« Another notable death penalty report | Main | Why habeas (in non-capital cases) is so important »

February 1, 2006

Important Booker twosome from the Tenth Circuit

Late yesterday, while others were gearing up for a big speech or litigating the constitutionality of lethal injection protocols, the Tenth Circuit released two significant sentencing opinions: US v. Wolfe, No. 04-2114 (10th Cir. Jan. 31, 2006) (available here), and US v. Crockett, No. 04-4204 (10th Cir. Jan. 31, 2006) (available here).

In the Wolfe decision, the Tenth Circuit in a drunk driving case reverses the district court's (pre-Booker) decision to depart upward, concluding that "the district court erred in departing upward based on factors that impermissibly double-counted facts that were already taken into account by the guidelines' calculation of the applicable sentencing range or by other departure factors [and that] the district court failed to explain the degree of its departure adequately."  The extensive and thoughtful Wolfe ruling is includes lots of the right stuff in dicta about post-Booker sentencing: among other key points, footnote 6 in Wolfe suggests the Tenth Circuit disagrees with the Seventh Circuit's peculiar claim that "the concept of 'departures' has been rendered obsolete in the post-Booker world."

In the Crockett decision, however, the Tenth Circuit manages to commit much Booker vice in a single paragraph.  Here is the paragraph in Crockett that seems like a crock:

Defendant also argues that giving the Guidelines a high level of deference on remand would violate his Sixth Amendment rights by de facto making the Guidelines mandatory.  However, Booker instructs that trial courts, "while not bound to apply the Guidelines, must consult those Guidelines and take them into account when sentencing." 125 S. Ct. at 767.  Further, the opinion indicates that trial courts must accord deference to the Guidelines: "These features of the remaining system, while not the system Congress enacted, nonetheless continue to move sentencing in Congress' preferred direction, helping to avoid excessive sentencing disparities while maintaining flexibility sufficient to individualize sentences where necessary." Id.  Thus, we decline Defendant's invitation to dilute the influence of the Guidelines upon remand of his sentence.

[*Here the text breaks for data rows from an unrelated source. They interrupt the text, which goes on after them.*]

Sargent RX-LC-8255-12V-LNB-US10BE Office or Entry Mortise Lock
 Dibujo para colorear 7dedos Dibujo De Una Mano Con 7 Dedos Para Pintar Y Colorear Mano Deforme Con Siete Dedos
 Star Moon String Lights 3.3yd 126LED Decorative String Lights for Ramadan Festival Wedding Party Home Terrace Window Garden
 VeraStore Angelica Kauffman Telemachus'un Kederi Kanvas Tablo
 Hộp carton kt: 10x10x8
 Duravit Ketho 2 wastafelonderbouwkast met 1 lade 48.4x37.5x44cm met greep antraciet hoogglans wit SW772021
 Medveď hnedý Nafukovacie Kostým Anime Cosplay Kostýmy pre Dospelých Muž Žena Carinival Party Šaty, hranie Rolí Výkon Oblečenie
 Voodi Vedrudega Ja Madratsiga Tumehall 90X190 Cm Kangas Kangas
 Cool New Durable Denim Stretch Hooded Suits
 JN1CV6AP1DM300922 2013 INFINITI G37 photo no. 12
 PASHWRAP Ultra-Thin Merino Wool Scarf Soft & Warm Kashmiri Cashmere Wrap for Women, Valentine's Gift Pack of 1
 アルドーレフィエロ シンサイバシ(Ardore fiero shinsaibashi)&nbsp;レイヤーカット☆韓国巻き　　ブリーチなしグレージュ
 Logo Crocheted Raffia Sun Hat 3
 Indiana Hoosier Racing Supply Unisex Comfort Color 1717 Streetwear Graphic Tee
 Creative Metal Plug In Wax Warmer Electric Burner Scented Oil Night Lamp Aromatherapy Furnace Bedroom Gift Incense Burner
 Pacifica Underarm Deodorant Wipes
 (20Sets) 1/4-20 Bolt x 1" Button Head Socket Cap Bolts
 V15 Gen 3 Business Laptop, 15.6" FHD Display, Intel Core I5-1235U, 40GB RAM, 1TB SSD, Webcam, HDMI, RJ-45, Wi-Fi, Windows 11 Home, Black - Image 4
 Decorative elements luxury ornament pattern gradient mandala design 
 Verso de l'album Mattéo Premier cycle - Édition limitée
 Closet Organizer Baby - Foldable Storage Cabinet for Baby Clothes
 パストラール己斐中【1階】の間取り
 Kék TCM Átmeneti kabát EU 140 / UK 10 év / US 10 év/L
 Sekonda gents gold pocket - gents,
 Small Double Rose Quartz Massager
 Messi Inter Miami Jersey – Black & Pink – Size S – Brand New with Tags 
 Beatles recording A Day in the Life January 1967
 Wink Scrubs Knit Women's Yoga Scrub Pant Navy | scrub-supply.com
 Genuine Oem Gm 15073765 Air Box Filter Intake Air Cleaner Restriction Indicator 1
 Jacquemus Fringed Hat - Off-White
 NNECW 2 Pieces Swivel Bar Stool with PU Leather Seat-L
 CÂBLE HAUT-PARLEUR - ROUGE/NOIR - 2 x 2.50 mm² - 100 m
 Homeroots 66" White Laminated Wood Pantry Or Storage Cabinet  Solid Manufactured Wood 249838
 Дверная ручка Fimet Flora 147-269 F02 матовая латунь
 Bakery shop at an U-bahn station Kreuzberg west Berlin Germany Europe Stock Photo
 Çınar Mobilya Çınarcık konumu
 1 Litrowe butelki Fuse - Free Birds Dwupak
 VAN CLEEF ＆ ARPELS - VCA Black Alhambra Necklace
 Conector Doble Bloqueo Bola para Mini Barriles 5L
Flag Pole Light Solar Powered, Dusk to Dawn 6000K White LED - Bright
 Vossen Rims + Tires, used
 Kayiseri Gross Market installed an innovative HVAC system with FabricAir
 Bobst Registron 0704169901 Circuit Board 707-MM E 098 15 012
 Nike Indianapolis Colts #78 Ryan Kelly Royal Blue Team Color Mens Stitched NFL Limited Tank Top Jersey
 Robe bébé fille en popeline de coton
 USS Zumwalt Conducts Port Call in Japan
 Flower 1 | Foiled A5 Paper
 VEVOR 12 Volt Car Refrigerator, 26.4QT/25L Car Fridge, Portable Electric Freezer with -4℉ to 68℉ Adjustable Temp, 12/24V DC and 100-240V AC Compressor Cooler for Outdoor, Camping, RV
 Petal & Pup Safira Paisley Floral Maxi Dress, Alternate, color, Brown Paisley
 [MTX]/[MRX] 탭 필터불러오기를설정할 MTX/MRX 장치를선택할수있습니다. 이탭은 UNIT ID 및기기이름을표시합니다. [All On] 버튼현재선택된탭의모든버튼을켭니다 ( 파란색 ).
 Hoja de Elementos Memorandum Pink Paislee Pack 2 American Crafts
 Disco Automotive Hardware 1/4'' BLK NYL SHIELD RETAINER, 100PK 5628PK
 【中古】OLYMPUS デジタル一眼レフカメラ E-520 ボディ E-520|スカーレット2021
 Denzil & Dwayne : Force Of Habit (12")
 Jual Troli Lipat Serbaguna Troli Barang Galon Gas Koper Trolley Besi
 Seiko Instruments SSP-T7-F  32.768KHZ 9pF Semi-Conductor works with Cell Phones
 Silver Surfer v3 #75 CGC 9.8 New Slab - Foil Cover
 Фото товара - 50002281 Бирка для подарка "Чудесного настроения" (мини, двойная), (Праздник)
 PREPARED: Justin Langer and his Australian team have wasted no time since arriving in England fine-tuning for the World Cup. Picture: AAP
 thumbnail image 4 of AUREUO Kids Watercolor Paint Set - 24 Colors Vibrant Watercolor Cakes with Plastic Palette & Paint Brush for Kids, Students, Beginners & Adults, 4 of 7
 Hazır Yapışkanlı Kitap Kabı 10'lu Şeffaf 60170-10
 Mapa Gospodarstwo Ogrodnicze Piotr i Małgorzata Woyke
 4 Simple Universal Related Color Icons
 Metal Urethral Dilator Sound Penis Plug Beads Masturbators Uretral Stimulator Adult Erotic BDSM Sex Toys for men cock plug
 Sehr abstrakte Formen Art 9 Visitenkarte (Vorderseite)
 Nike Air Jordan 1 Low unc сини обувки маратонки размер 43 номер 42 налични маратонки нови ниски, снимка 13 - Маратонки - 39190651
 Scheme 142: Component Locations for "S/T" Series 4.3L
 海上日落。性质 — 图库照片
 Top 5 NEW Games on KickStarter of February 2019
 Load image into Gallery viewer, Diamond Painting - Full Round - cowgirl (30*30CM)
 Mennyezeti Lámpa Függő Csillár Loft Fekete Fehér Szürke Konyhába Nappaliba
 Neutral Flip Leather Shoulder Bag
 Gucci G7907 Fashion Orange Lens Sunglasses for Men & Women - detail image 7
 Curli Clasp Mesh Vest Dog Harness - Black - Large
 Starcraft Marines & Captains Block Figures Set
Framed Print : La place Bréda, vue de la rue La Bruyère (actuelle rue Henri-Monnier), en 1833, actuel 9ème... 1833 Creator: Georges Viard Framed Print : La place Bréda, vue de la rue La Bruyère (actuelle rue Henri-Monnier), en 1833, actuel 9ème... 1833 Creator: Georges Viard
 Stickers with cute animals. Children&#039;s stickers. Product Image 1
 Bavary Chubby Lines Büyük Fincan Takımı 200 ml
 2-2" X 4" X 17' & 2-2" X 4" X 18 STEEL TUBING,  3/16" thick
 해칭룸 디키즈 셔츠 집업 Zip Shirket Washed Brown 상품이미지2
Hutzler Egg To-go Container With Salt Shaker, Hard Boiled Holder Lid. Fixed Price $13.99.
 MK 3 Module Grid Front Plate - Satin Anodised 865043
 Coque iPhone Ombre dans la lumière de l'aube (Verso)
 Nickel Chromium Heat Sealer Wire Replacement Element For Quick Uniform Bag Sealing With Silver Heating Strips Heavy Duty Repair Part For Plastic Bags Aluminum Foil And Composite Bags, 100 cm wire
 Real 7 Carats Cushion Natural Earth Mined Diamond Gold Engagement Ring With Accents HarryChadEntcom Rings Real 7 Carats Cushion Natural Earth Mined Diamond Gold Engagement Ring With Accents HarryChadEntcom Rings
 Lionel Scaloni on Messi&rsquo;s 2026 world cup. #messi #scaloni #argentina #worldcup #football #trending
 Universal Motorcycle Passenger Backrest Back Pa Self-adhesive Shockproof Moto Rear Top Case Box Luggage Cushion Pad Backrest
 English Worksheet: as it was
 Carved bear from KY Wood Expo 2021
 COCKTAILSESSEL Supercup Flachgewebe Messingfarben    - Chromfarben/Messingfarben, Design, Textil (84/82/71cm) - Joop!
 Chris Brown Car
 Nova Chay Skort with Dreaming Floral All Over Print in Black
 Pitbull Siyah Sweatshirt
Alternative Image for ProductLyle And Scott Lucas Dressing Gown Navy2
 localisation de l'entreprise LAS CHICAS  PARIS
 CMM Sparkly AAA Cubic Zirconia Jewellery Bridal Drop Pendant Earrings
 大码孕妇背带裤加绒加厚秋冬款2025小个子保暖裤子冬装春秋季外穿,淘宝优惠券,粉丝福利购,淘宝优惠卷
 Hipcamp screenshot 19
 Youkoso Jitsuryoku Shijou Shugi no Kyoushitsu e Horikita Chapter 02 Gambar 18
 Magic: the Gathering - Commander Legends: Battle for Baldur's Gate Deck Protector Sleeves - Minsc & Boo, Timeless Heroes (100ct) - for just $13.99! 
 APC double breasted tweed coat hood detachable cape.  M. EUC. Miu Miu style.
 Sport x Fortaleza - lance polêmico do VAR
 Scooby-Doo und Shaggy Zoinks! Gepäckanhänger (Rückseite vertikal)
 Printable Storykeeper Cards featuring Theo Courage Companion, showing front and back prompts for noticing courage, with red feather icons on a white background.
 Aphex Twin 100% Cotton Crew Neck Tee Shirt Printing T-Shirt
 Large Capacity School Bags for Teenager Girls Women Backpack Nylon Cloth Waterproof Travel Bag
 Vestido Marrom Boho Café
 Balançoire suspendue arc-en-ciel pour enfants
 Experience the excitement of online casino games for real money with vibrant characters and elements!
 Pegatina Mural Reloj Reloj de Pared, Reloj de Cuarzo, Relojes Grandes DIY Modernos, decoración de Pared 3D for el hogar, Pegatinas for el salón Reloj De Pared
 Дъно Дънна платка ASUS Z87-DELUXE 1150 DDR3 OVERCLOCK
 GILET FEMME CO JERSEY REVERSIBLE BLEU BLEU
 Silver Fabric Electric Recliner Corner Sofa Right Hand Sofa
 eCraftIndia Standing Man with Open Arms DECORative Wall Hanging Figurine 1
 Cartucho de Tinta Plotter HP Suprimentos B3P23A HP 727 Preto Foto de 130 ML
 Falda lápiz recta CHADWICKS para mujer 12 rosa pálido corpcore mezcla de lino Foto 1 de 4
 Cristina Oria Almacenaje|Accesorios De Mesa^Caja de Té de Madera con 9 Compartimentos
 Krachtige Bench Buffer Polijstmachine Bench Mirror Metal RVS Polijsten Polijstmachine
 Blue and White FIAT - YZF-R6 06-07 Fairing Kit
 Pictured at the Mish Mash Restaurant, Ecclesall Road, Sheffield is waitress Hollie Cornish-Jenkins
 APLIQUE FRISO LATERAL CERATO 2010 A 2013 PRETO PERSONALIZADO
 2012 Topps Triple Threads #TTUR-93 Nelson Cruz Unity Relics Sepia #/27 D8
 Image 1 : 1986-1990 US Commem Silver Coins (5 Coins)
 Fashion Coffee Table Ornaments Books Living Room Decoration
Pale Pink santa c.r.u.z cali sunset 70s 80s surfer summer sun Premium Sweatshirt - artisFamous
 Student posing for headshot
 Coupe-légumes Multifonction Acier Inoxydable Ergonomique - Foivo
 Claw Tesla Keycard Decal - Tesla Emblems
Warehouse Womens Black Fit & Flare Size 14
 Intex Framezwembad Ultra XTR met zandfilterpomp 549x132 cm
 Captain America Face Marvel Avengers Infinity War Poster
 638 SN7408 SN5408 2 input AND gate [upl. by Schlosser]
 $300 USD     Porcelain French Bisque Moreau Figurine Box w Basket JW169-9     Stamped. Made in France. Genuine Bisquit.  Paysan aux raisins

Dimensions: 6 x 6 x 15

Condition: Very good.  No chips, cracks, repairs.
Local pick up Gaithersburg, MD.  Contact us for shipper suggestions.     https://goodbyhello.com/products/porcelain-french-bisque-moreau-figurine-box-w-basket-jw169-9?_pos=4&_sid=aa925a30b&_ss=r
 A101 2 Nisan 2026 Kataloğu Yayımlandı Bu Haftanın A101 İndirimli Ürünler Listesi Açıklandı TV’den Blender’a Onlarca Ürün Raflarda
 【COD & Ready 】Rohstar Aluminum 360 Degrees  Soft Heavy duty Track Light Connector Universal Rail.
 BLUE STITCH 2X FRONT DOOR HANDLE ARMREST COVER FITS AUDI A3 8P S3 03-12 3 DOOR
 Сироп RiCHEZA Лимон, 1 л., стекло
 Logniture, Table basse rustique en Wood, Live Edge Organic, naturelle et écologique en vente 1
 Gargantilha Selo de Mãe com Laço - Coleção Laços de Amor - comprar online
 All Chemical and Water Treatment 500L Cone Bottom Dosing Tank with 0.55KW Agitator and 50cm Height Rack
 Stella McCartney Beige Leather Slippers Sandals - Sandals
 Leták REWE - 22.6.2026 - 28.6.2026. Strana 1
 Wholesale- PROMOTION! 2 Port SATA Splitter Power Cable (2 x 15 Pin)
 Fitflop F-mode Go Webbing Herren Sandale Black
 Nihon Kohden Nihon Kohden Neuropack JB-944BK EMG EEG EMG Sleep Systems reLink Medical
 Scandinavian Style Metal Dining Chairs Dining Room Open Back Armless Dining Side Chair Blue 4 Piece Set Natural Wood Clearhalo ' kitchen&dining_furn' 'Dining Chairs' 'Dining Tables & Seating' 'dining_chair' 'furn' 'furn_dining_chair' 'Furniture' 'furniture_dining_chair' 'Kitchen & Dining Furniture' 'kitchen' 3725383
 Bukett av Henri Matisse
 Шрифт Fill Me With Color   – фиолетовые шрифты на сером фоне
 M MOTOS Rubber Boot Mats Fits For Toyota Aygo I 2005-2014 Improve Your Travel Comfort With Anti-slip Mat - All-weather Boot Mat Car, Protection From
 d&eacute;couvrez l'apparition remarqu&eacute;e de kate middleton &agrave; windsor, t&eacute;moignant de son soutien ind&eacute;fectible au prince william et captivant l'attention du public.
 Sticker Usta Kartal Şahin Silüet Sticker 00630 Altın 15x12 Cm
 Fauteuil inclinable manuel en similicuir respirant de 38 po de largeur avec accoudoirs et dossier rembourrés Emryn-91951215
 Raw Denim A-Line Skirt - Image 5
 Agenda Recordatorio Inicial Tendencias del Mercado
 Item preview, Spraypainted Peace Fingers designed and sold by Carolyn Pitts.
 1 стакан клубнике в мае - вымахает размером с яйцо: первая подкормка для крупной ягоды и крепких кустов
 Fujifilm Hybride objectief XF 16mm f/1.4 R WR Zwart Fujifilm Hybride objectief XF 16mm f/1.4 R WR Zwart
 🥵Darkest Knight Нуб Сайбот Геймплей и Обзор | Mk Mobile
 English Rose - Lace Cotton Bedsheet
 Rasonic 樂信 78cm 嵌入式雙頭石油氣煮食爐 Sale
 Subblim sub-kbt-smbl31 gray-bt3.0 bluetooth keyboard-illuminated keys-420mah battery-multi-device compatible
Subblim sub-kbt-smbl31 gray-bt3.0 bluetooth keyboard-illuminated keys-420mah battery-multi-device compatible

This paragraph seems so wrong because I do not think it is at all fair to read Booker as indicating "that trial courts must accord deference to the Guidelines."  The Booker remedial opinion states that judges must "consider," "consult" and "take ... into account" the guidelines, but no where does Booker say the guidelines must be accorded deference by sentencing courts.   

Moreover, I think the Booker merits opinion gives force to the claim that giving the guidelines too much deference triggers constitutional concerns.  After all, district judges had significant (though cabined) discretion to depart from the guidelines before Booker, but the Supreme Court did not think that the discretionary authority provided by traditional departures preserved the system's constitutionality.  Put another way, after Booker, the influence of the Guidelines has to be diluted to avoid the constitutional problems that led to the Booker ruling.  (At least that's what Justice Scalia explained in his Booker opinion and what perhaps as many as seven members of the current (Scalia-Thomas?) Court might now believe.)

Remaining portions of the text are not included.